I will try to simplify my questions. Try to ignore most context (sdwdate, apparmor issues)…
Does it generally or it some cases make sense to use sandbox-app-launcher for any applications started by systemd units? Or are for systemd units apparmor + systemd hardening more appropriate? Or is systemd-app-launcher better to be only used for user facing applications, specifically GUI applications? (Command line applications often don’t need many of the stuff in /etc/X11/Xsession.d, no need for dbus etc.)
Could you please try to make /usr/bin/url_to_unixtime under sandbox-app-launcher? I cannot make it work under any sandbox-app-launcher configuration.
No. Totally different.
To resolve issues of sdwdate and sdwdate-gui development thread - #37 by troubadour I was wondering: could sandbox-app-launcher be used instead.
Yes I was wondering if that makes any sense.
I didn’t think about that yet.
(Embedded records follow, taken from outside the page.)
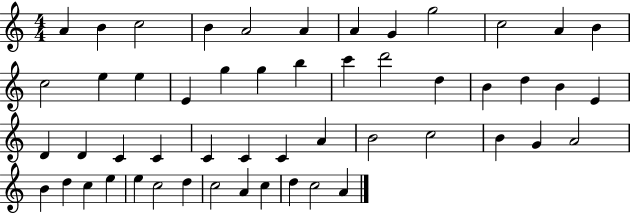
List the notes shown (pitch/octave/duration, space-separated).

A4/q B4/q C5/h B4/q A4/h A4/q A4/q G4/q G5/h C5/h A4/q B4/q C5/h E5/q E5/q E4/q G5/q G5/q B5/q C6/q D6/h D5/q B4/q D5/q B4/q E4/q D4/q D4/q C4/q C4/q C4/q C4/q C4/q A4/q B4/h C5/h B4/q G4/q A4/h B4/q D5/q C5/q E5/q E5/q C5/h D5/q C5/h A4/q C5/q D5/q C5/h A4/q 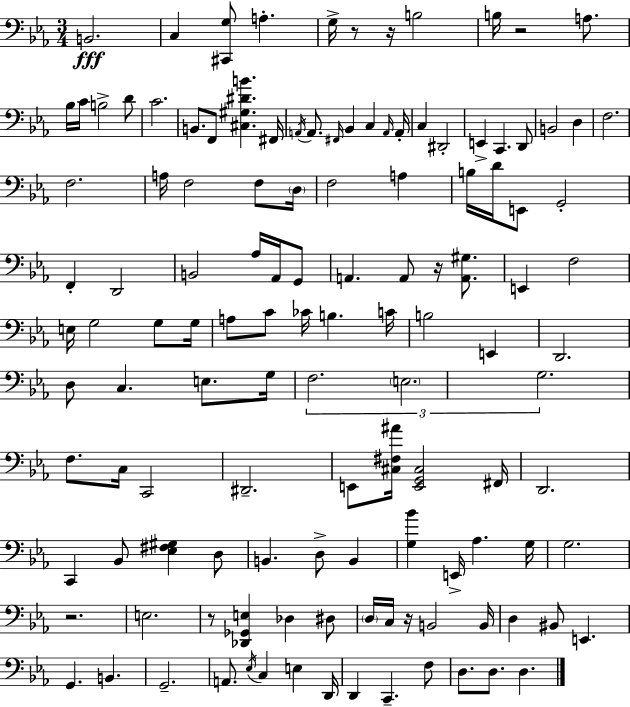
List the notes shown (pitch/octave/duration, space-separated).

B2/h. C3/q [C#2,G3]/e A3/q. G3/s R/e R/s B3/h B3/s R/h A3/e. Bb3/s C4/s B3/h D4/e C4/h. B2/e. F2/e [C#3,G#3,D#4,B4]/q. F#2/s A2/s A2/e. F#2/s Bb2/q C3/q A2/s A2/s C3/q D#2/h E2/q C2/q. D2/e B2/h D3/q F3/h. F3/h. A3/s F3/h F3/e D3/s F3/h A3/q B3/s D4/s E2/e G2/h F2/q D2/h B2/h Ab3/s Ab2/s G2/e A2/q. A2/e R/s [A2,G#3]/e. E2/q F3/h E3/s G3/h G3/e G3/s A3/e C4/e CES4/s B3/q. C4/s B3/h E2/q D2/h. D3/e C3/q. E3/e. G3/s F3/h. E3/h. G3/h. F3/e. C3/s C2/h D#2/h. E2/e [C#3,F#3,A#4]/s [E2,G2,C#3]/h F#2/s D2/h. C2/q Bb2/e [Eb3,F#3,G#3]/q D3/e B2/q. D3/e B2/q [G3,Bb4]/q E2/s Ab3/q. G3/s G3/h. R/h. E3/h. R/e [Db2,Gb2,E3]/q Db3/q D#3/e D3/s C3/s R/s B2/h B2/s D3/q BIS2/e E2/q. G2/q. B2/q. G2/h. A2/e. Eb3/s C3/q E3/q D2/s D2/q C2/q. F3/e D3/e. D3/e. D3/q. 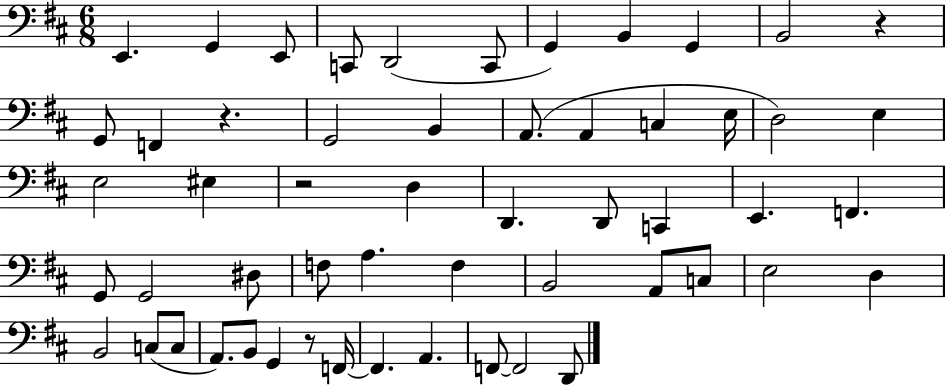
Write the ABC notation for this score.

X:1
T:Untitled
M:6/8
L:1/4
K:D
E,, G,, E,,/2 C,,/2 D,,2 C,,/2 G,, B,, G,, B,,2 z G,,/2 F,, z G,,2 B,, A,,/2 A,, C, E,/4 D,2 E, E,2 ^E, z2 D, D,, D,,/2 C,, E,, F,, G,,/2 G,,2 ^D,/2 F,/2 A, F, B,,2 A,,/2 C,/2 E,2 D, B,,2 C,/2 C,/2 A,,/2 B,,/2 G,, z/2 F,,/4 F,, A,, F,,/2 F,,2 D,,/2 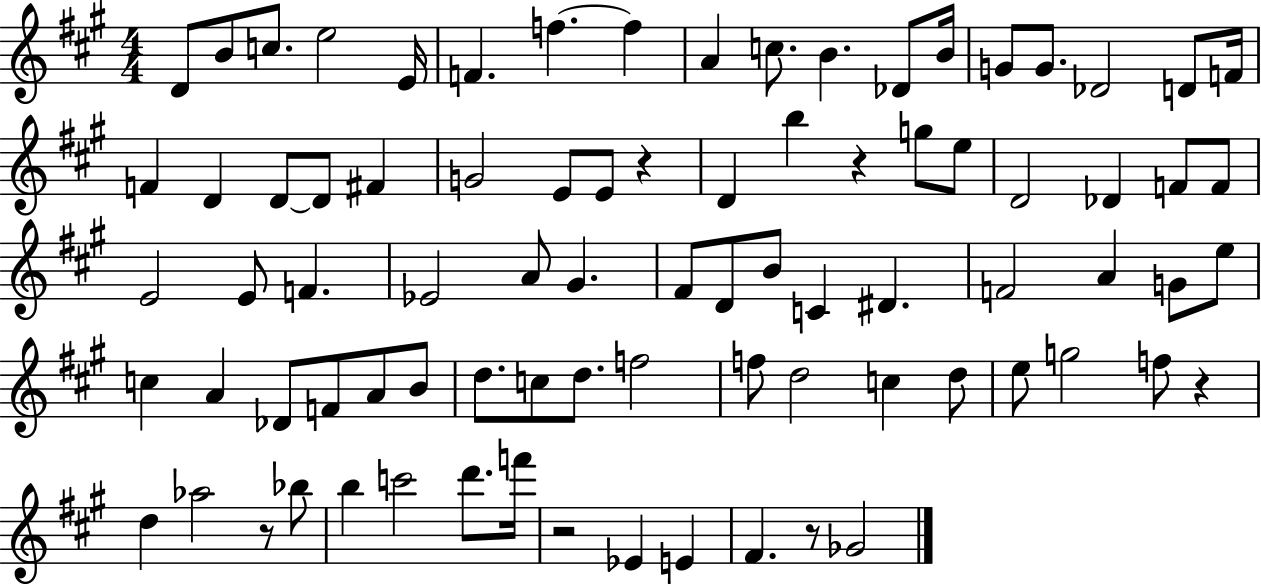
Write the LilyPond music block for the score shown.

{
  \clef treble
  \numericTimeSignature
  \time 4/4
  \key a \major
  d'8 b'8 c''8. e''2 e'16 | f'4. f''4.~~ f''4 | a'4 c''8. b'4. des'8 b'16 | g'8 g'8. des'2 d'8 f'16 | \break f'4 d'4 d'8~~ d'8 fis'4 | g'2 e'8 e'8 r4 | d'4 b''4 r4 g''8 e''8 | d'2 des'4 f'8 f'8 | \break e'2 e'8 f'4. | ees'2 a'8 gis'4. | fis'8 d'8 b'8 c'4 dis'4. | f'2 a'4 g'8 e''8 | \break c''4 a'4 des'8 f'8 a'8 b'8 | d''8. c''8 d''8. f''2 | f''8 d''2 c''4 d''8 | e''8 g''2 f''8 r4 | \break d''4 aes''2 r8 bes''8 | b''4 c'''2 d'''8. f'''16 | r2 ees'4 e'4 | fis'4. r8 ges'2 | \break \bar "|."
} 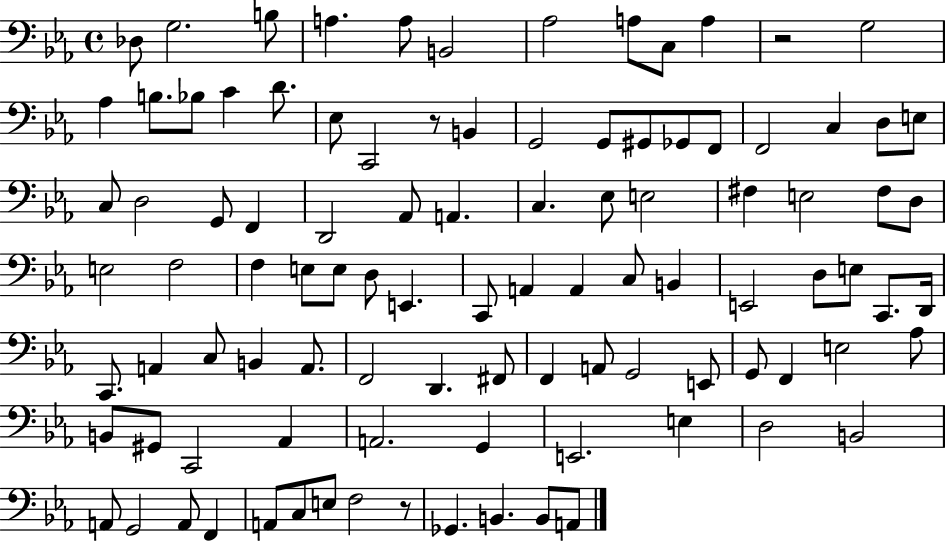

Would be good to document how sandbox-app-launcher interacts with system apparmor profiles. I.e…
When running an application under sandbox-app-launcher, is an apparmor profile in /etc/apparmor.d still in effect or ignored? For example suppose we could run evince (did not test yet) under sandbox-app-launcher. Does /etc/apparmor.d/usr.bin.evince still matter or is it ignored?